But I didn't blab it
to anyone and everyone.

I didn't blab. Just asked Katie
if she thought it was true.

Of course it isn't true.

- Is it?
- Of course it's not!

I want to know who started the
rumour, who you heard it from.

And please don't try
to protect them.

- No, never. It was Monty.
- Yeah, Monty.

They reckon he murdered his wife
for the insurance money,

they couldn't prove anything,
so he buggers off over here.

He buys a house he's never seen
before, pays for it in cash.

- In actual cash?
- Well, not actual cash.

But one lump sum.
No mortgage or anything.

That's the sort of money
an insurance policy gets you.

- I did not murder my wife!
- No-one believes you did.

- Except for Monty.
- No-one who isn't an idiot.

- So how did your wife die?
- Zac!

- What? -You don't just bloody
blurt out a question like that.

Sorry if it was on the nose,
but if everyone knows the truth,

then that'll put the kibosh
on the rumours.

How my wife died is nobody's
business except my family's.

"Of course, one of
the complicating factors

"in hunting down a lie is that
the truth can actually be worse.

"Don't get me wrong.
The lie must be extinguished.

"But sometimes the ideal
is that the whole truth

"does not emerge along the way."

Kia ora, and welcome to McNamara
Real Estate. How can we help?

George! Let me guess.
You've decided to sell.

Tell me if this rings a bell.

It's the story of a man
who murdered his wife,

scored the insurance
and used the cash

to buy a house
in another country.

Sound like the sort of story
you might have passed on, Monty?

George, with all due respect,
I never said...

When people say "due respect",
there's generally no respect.

I am full of respect for you.
I'm overflowing with respect.

Which is why I was at pains
to point out

that you didn't pay in cash,

'cause that would have
seemed suspicious.

Rest of the crap,
you were happy to pass on.

Well, not happy.

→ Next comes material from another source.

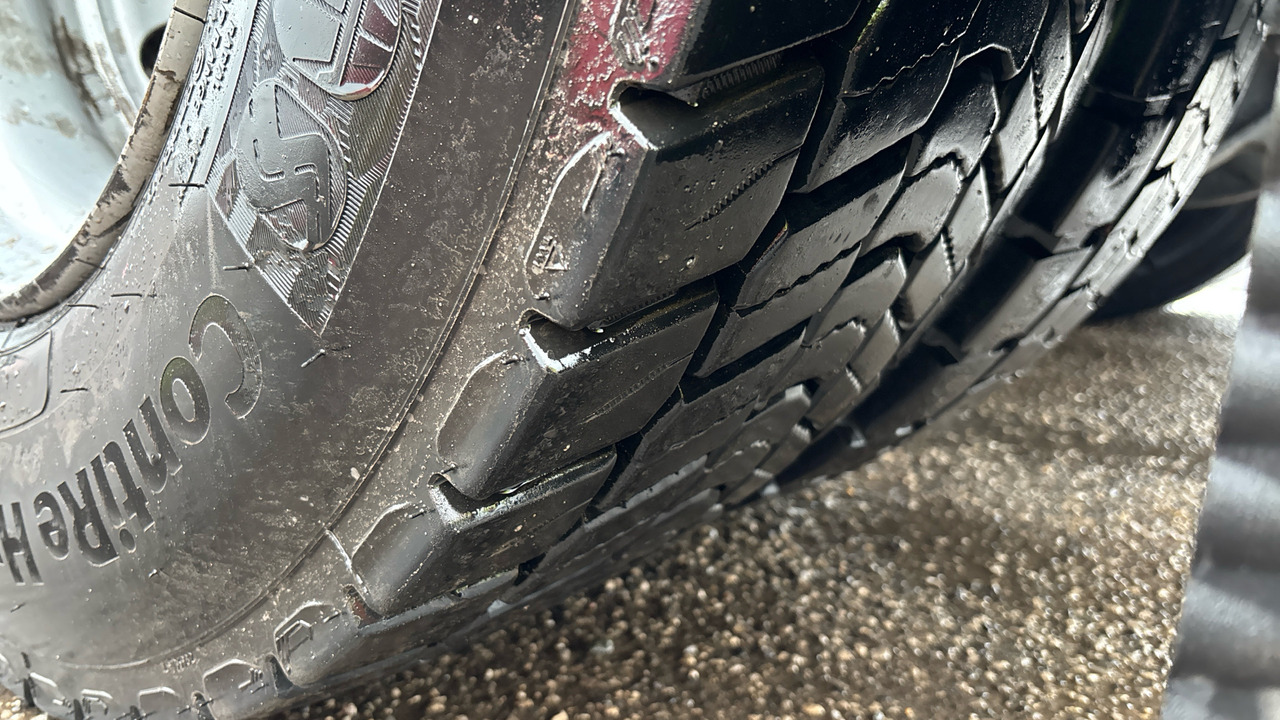 Sattelzugmaschine DAF XF  530: das Bild 28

It pained me.

- But you still passed it on.
- This is a small town, George.

The people out there need to
fill their lives with something.

Otherwise, they go mad.

And who was it
that filled your life, Monty?

- Who told you?
- It's not important.

It is to me.


Just giving you a heads-up, Dad,

that you're gonna have to
pick us up after school.

'Cause we just found out
that, for some reason,

Denis the bus driver
got fired today.

- Are you still there, Dad?
- Yep.

No-one here knows why.

- It's a total mystery.
- Right.

pretty cut up about it,

mainly because they have no idea
why Denis would be fired.

Well, I will, uh...
I'll see you after school.

It's like he deliberately
wants everyone to hate us.

- Where'd he go?
- He went out the back way.

Didn't say why.

Denis'll be devastated.
Driving that bus was his life.

- Ow!
- Hey! That's assault!

- Nah. It's OK, Billy.
- Is it, Arlo?

- Is it OK?
- Hey, hi, hi, everyone.

Now, I just want to assure
all of you

that we will have
a new driver on tomorrow

and that normal services
will resume.

So thank you.

What is wrong
with your bloody school, Bevan?

You know, any idiot
can drive a bus.

- Come on.
- George! George!

Hey, this whole bus situation.

- Talk about a can of worms.
- Really?

Well, it turns out he didn't
even have a driver's licence,

let alone
a bus driver's licence.

Heads are gonna roll over this.
I can promise ya.

I should probably
get the kids home now.

Oh, yeah, yeah. Of course. And,
um, thanks for your help, OK?

No worries.

Uh, Mum asked me to ask you
if I could get a ride home.

Otherwise I could walk.

Sure, Billy. Climb in.

- Hi.
- Hey.

- Hi, Mum.
- Hi there.

- Thanks for bringing him home.
- No worries.

Hey, have you got a sec?

There's something
I want you to see.

Yeah, sure.

Do you mind
if I turn this down a mo?

Yeah. Yeah, sure. Whatever.

There's someone
I want you to meet.

This is Denis, our bus driver.

Denis, this is George Turner.

Yeah, hi. Welcome to my world.

I don't know
whether you got the full story,

but Denis got unfairly fired
as the bus driver.

Yeah, I got most of that.

I was wondering if you'd
write a column on Denis's behalf

about how all it takes
in a small town

is one person
with a bee in their bonnet

to totally ruin a man's life.

Can I have a quick word?


When you say
"ruin a man's life"...

He seems relatively happy
painting. Apart from the music.

Denis paints
when he's depressed.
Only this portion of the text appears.